Currie, who is chef de mission for our Athens Olympic team and also oversees the Halberg Awards, will watch with trepidation when his panellists sit down to draw up their 2004 picks.
Always an onerous task, this year's selections promise to be the most difficult in years.
While New Zealanders have basked in the Greek golden glow, the chosen few must put sentiment aside to find their sportsman, sportswoman, team and coach of the year.
In successive Olympic years their task has been simple.
Four years ago Rob Waddell, as New Zealand's only gold medallist in Sydney, won. Four years earlier Danyon Loader's two swimming golds in Atlanta branded him a certainty.
Barbara Kendall, New Zealand's only gold medal winner in Barcelona in 1992, was upstaged, a little surprisingly, by Annelise Coberger, who won silver in the Albertville Winter Olympics - the first medal won by a Southern Hemisphere competitor at a Winter Olympics.
Fast forward to Athens.
At first glance, Sarah Ulmer is a shoo-in for top woman, Caroline and Georgina Evers-Swindell will again press their claim for the top team and Hamish Carter will take the nod as sportsman ahead of silver medallists Bevan Docherty and Ben Fouhy, who have world championship titles to back their claims.

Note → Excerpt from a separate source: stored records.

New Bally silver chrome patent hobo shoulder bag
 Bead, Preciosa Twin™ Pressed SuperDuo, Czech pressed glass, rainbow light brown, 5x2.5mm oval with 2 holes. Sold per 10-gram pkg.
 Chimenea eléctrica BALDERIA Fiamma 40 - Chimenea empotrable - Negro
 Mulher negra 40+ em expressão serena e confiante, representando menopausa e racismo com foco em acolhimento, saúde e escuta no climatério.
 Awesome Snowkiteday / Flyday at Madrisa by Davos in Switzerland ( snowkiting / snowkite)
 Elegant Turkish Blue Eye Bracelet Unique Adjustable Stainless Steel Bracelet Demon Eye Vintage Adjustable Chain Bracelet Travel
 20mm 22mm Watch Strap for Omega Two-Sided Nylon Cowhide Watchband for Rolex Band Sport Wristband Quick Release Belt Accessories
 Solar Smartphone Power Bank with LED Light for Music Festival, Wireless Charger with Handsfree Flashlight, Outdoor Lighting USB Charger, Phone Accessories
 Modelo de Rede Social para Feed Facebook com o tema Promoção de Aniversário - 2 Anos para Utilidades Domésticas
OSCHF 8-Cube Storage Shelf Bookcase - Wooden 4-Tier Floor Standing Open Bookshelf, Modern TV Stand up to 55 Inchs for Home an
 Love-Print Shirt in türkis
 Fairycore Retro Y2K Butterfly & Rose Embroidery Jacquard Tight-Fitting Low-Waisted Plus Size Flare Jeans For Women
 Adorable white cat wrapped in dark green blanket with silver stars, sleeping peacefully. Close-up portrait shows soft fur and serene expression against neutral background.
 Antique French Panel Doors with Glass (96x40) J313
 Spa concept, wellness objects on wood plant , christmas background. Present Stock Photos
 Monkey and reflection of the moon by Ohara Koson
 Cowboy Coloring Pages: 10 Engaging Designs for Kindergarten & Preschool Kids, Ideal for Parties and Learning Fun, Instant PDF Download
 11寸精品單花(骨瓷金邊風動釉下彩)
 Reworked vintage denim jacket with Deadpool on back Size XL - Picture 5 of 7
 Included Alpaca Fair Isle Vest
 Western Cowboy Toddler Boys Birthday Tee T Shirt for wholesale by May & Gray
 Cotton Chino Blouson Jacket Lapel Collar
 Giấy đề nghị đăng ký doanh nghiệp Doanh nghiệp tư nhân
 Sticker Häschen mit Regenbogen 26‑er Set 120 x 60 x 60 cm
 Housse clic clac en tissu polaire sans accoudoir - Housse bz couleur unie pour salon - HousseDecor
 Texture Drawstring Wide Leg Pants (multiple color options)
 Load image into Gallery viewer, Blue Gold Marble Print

Simple enough to sort out the three category winners even if others, including the victorious Black Sox who scored a remarkable three-peat in retaining their World Softball Championship crown, might have had a shout.
The panel must - from Ulmer, the Evers-Swindells, Carter and any late runners - then name their supreme winner.
All have their claims.
Ulmer completed a world championship/Olympic double, continually smashing the world record.
The Evers-Swindell twins, unbeaten in the past three years, have been overlooked since their success in taking the team and overall honours in 2001, bowing to the Tall Blacks and Silver Ferns, who took the team and overall awards in 2002 and 2003.
Ironically, our rowing twins took the team/supreme award double in a year in which they won world championship double sculls silver.
Carter, in probably his last big hoorah, will be the sentimental favourite. His nation-stopping triathlon victory over a handful of current and former world champions and Olympic victors set talkback lines alight.
The panel must weigh all this up in finding their winner. They will, as ever, get plenty of outside help but the announcement at the dinner sometime early next year has, even this far out, a real sense of anticipation about it.